Clearly this did not happen, and I really think we need to push back on
document shepherds to understand that the only acceptable answer to
the question is "Yes, idnits passes cleanly".
---
There is a significant different between the document title
("Benchmarking Terminology for Protection Performance") and the content
of the document as explained in the Abstract and Introduction.
Viz.
This document provides common terminology and metrics for
benchmarking the performance of sub-IP layer protection
mechanisms.
1. The title should mention metrics
2. The title should indicate the scope is sub-IP
---
The Introduction starts off with...
Technologies
that function at sub-IP layers can be enabled to provide further
protection of IP traffic by providing the failure recovery at the
sub-IP layers so that the outage is not observed at the IP-layer.
This seems a reasonable statement, but isn't it in contradiction with
the whole premise of this document as stated in the Abstract...
The performance
benchmarks are measured at the IP-Layer, avoiding dependence on
specific sub-IP protection mechanisms.
In other words, if the outage is not observed at the IP-layer, how
will you measure the benchmarks at the IP-Layer?
---
I would really have liked this work to be aligned with RFC 4427.
That document sets out terminology for protection and restoration
in GMPLS networks (i.e. sub-IP) and attempts to achieve alignment
with ITU-T Recommendations G.808.1 and G.841.

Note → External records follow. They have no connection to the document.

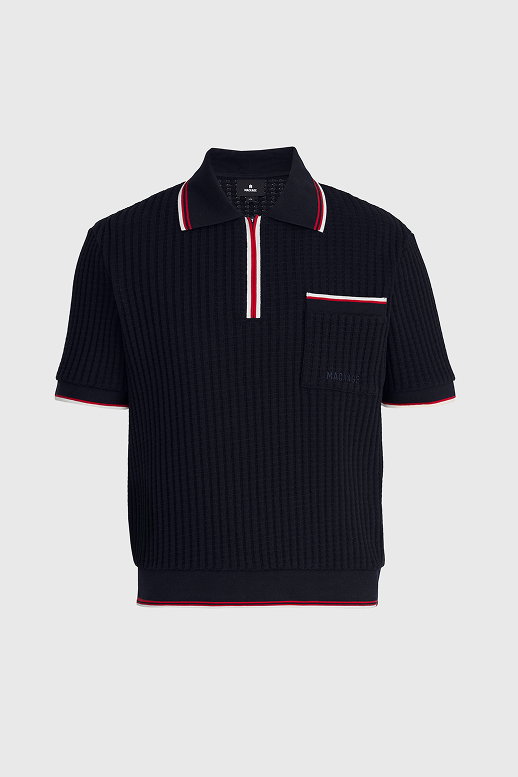 ESTABAN Crochet Knit Quarter-Zip Polo Shirt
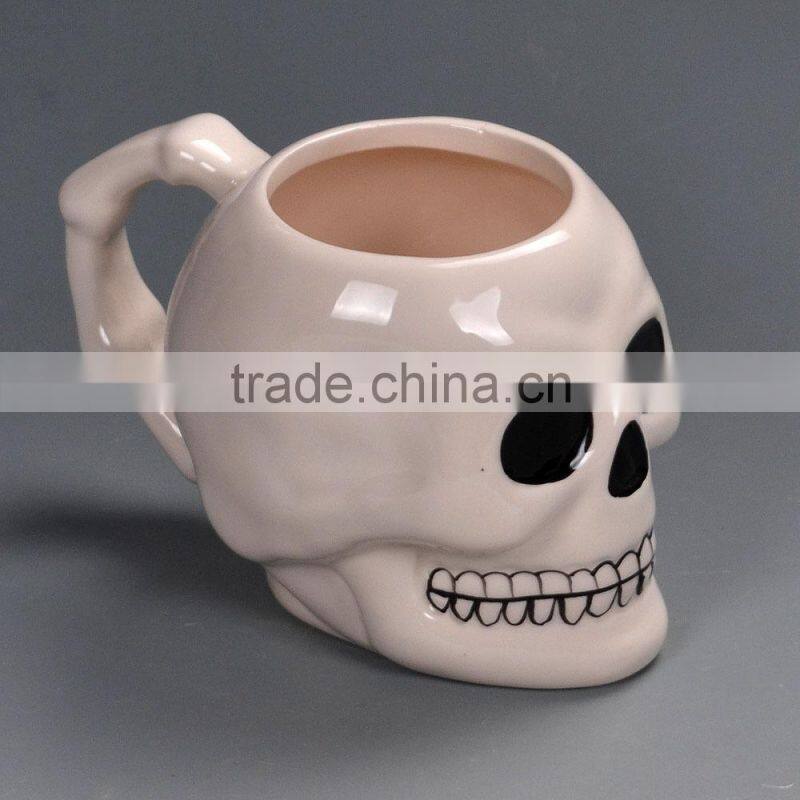 Promotional Product Ceramic Skull 3D Mug With Concave Eye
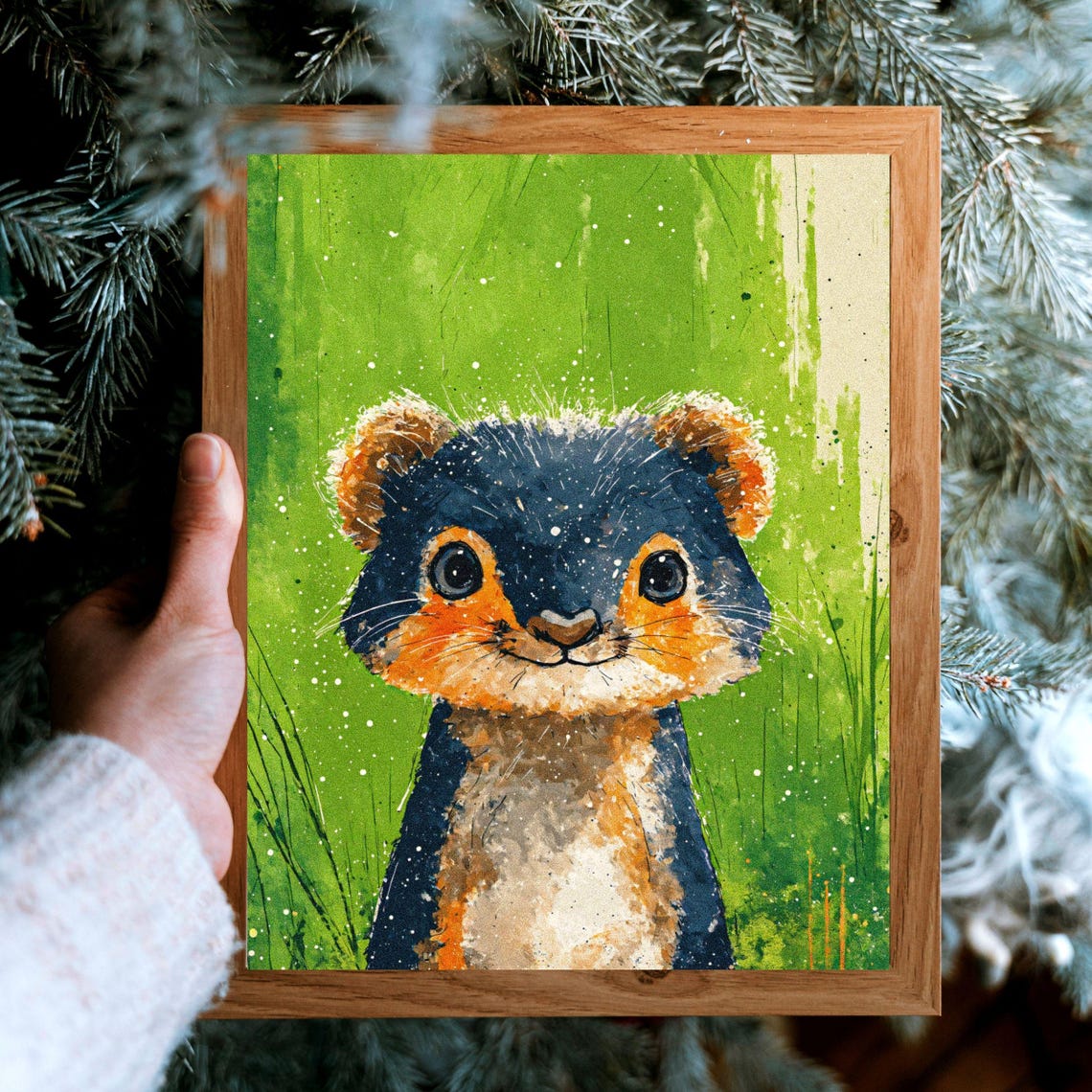 Cute Baby Meerkat Green Splatter Background Nursery Animal Wall Art - Image 6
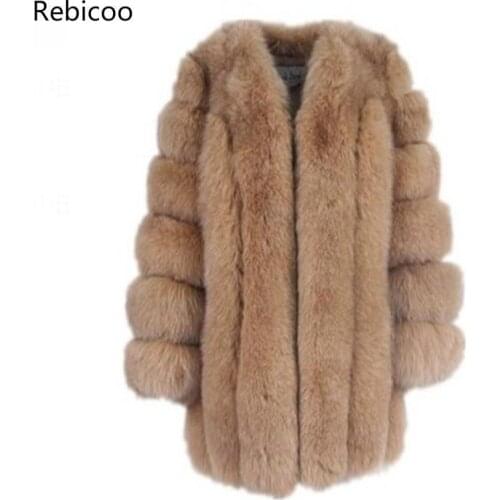 Women Winter Fluffy Faux Fur Coat High-Quality Thick Imitated Fox Fur Overcoat Female Warm Outwear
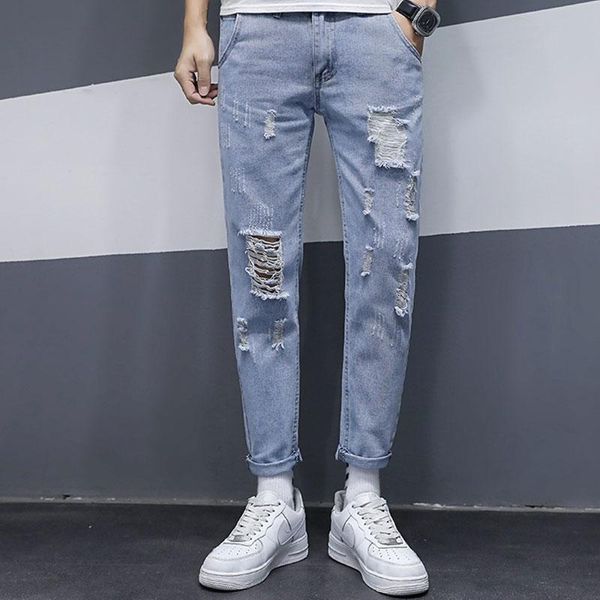 

men's jeans 2021 summer thin pants loose straight light slim legged casual, Blue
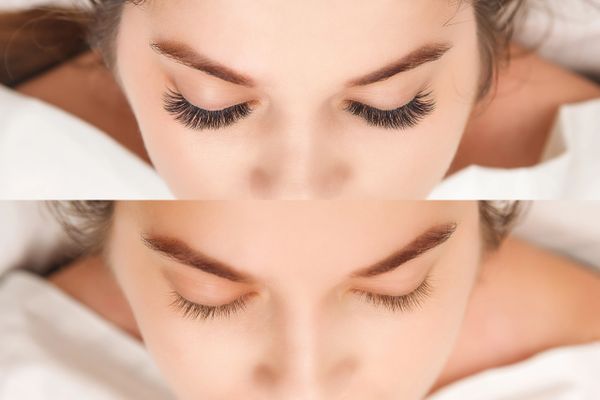 Eyelashes before and after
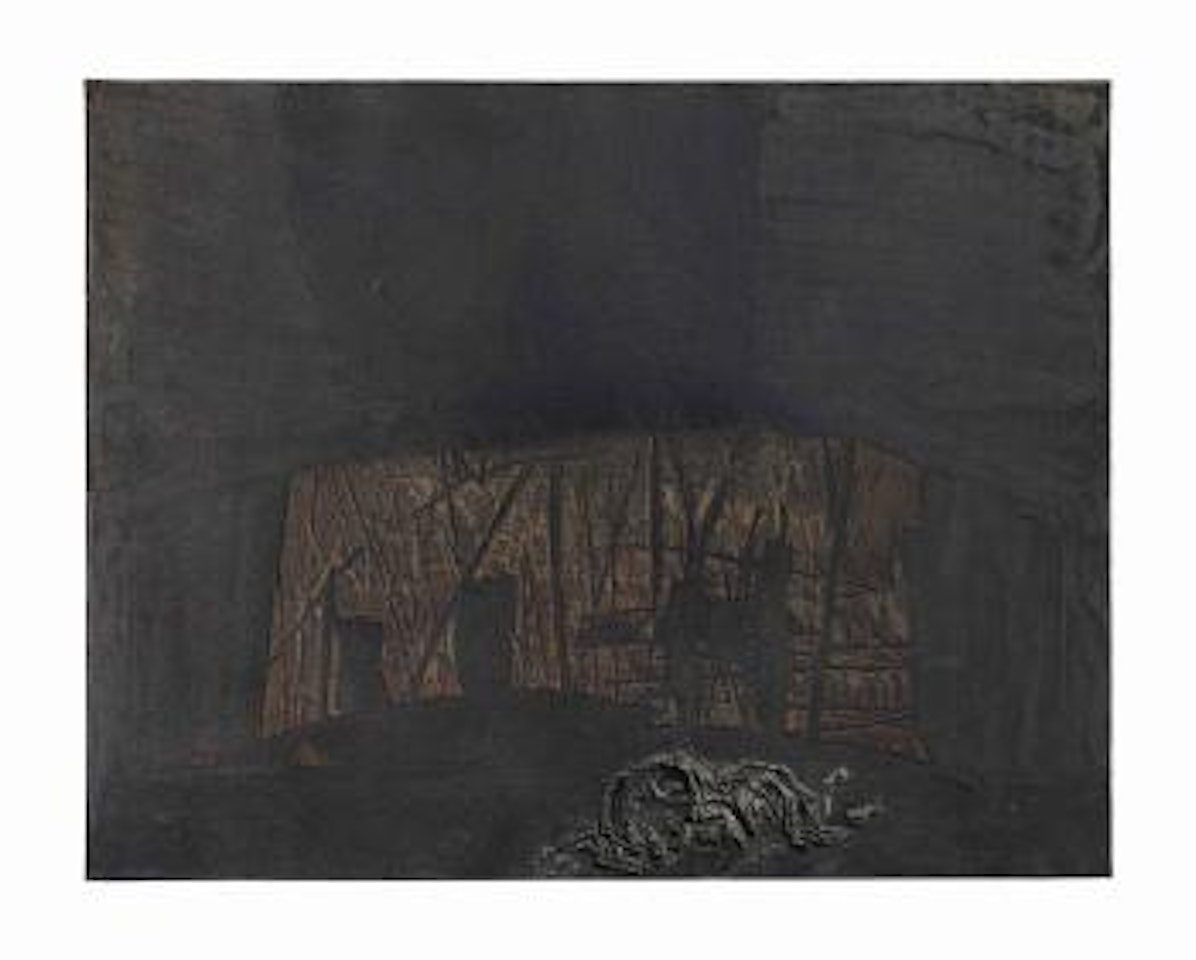 Black composition by Antoni Tapies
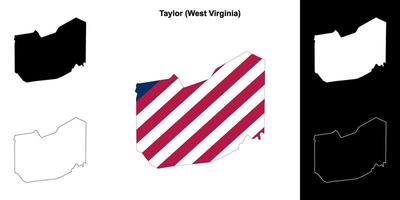 Taylor County, West Virginia outline map set vector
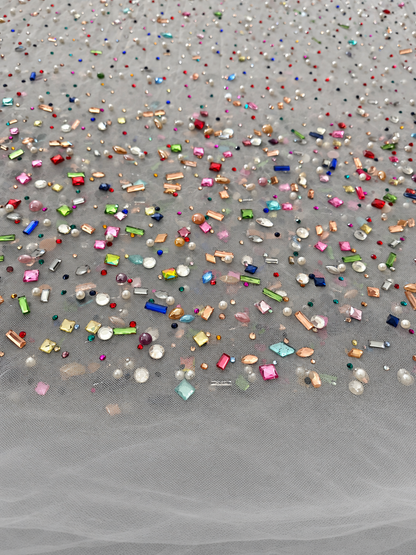 Multicolor Rhinestone & Pearl Embellished White Tulle Fabric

It is important to use identical rather than similar terms for
protection and restoration techniques across the IETF when we
are referring to sub-IP layers.
Actually, I find the terminology rather woolly. For example, in
Section 1
The Working Path is the Primary Path prior to the Failover Event and
the Backup Path after the Failover Event.
Yet in Section 3.1.3
The Primary Path is the Path that traffic traverses
prior to a Failover Event.
And it is difficult to read a document where the terms are used well
in advance of their definitions.
It might help if Section 3 was split with sections 3.1 through 3.4
presented as terminology, and sections 3.5 onwards as Test
Considerations.
The definition of "Restoration" in section 3.3.5 is unlike anything
I have seen before and is very much at odds with the way the term is
used in sub-IP networks.
---
Figure 4
There is a spurious arrow head on the left-hand end of the arrow
marked "IP-Layer Forwarding"
---
Section 3.1.1
a. R1 is the ingress node and forwards IP packets, which input
into DUT/SUT, to R2 as sub-IP frames over link L12.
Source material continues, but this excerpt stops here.